Everybody has sensory differences which can impact their ability to take part in everyday activities; currently at Pavilion House Children Occupational Therapy services, we do not provide sensory assessments, sensory integration therapy or sensory advice.

Please see below for strategies and support that might help manage your child’s sensory needs:

If your child is struggling with the following areas, please speak to the education provision, GP or CAMHS:
  • Dysgraphia
  • Dyslexia
  • Dyscalculia
  • Attention/behaviour difficulties
Local Authority Occupational Therapy Service:

This service accepts direct parent referrals for children who have long term needs and require adaptions to their property to support them at home:

Telephone Number: 0300 123 5010

Where will my child be seen by an OT?     

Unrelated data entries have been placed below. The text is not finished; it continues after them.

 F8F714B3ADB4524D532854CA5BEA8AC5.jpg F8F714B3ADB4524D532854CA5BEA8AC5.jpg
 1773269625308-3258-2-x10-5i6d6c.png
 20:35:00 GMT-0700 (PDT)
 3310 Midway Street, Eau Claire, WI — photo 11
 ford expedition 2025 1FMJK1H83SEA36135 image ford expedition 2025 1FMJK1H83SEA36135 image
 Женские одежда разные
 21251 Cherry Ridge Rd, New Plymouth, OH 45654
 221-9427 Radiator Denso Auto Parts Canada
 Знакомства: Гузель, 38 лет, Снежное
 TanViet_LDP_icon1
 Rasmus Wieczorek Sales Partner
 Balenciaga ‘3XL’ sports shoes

Your child will usually be seen in clinic at Pavilion House, Macclesfield. But we can see your child at home, school or nursery if appropriate.

What will happen at the first appointment?        

You will meet the Occupational Therapist.

We will chat with you and your child about the difficulties they are experiencing with their everyday activities.

Your child may have a formal assessment or may be observed playing with toys.

If your child has any Occupational Therapy needs, we will discuss their functional goals and how we can help your child achieve them.

What should I expect from Occupational Therapy?

OT’s like to work jointly with home, school and nursery to help your child achieve their goals.

OT may provide some group or individual intervention if it is needed.

We may provide a report of your initial assessment, progress, and can supply evidence towards your child’s EHCP if requested.

What if English is not my first language?

Please let us know as soon as possible before your appointment and we can arrange an interpreter, alternatively you can choose to bring a family member to interpret for you.         

When will my child be discharged from the OT service?

Your child will be discharged from the service when they have achieved their goals or have strategies in place to help support their long-term needs.

If you fail to attend your appointment, or cancel 2 consecutive appointments ( unless for illness) your child will be discharged from the service.